Agreement is made and entered into between Shipper and Crowley Logistics, Inc. a corporation organized and existing under the laws of the State of Delaware, hereinafter referred to as the "Broker". It is the intent of the parties that Broker provide the transportation services described in this agreement to Shipper as a Broker that is duly authorized to perform such services for compensation under a license issued to it by the Federal Motor Carrier Safety Administration. In consideration of the promises hereinafter contained, the parties do hereby mutually agree as follows to-wit:


  1. Transportation. Broker is a licensed property broker that arranges the transportation of commodities, including commodities which are either regulated or exempt from regulation. Shipper shall tender or cause to be tendered a series of shipments during the term of this Agreement and Broker will arrange for transportation of these goods only with properly licensed carriers. Carriers include motor carriers, rail, or intermodal service providers. Broker will perform such services within the extent of Broker’s authority from the Surface Transportation Board or any other appropriate state regulatory agency. In no event will Shipper knowingly request Broker to, and Broker will not knowingly, provide services or act in any manner which would cause broker to break any laws or conflict with any regulations of the appropriate local, state or federal agencies.

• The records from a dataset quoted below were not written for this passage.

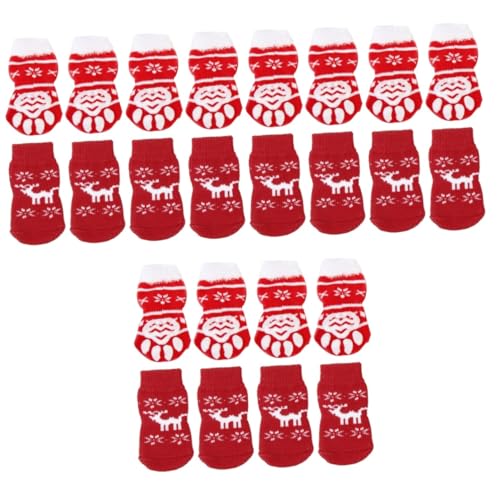 Angoily 24 STK Haustiere Stiefeletten für Katzen Weihnachtsboxen warme Socken Baumwollsocken für Haustiere Hundesocken Flauschige Weihnachtssocken Kasten von Angoily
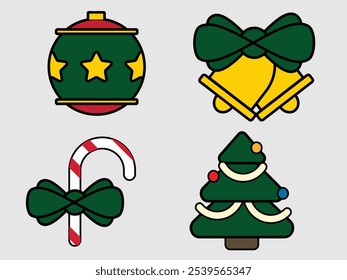 Christmas icon design set, vector winter holiday symbol collection.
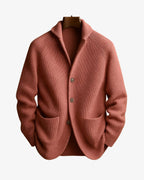 men's knit cardigan sweater with button front in pink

  2. Minimum Shipment. During the term of this Agreement, the Shipper will tender or cause to be tendered to Broker a series of shipments on a continuing basis.


  3. Rates. Shipper will compensate Broker for all services performed hereunder at rates agreed to by the parties. Broker will receive a request to perform special services, limited duration services, and/or single shipment service. Rates will be negotiate verbally and confirmed in writing (or by fax)


  4. Payments. Broker is responsible for all payments to carriers for all services rendered by the carriers. Shipper’s payments will always be made directly to the Broker.

    Payments from the Shipper to the Broker will be made within agreed upon terms from the freight invoice date. Freight invoices from the Broker, must be accompanied by a copy of a receipt specified in this Agreement. Shipper retains the right to pay the Broker based on the Shipper’s records without the submission of the receipt or document specified in this Agreement.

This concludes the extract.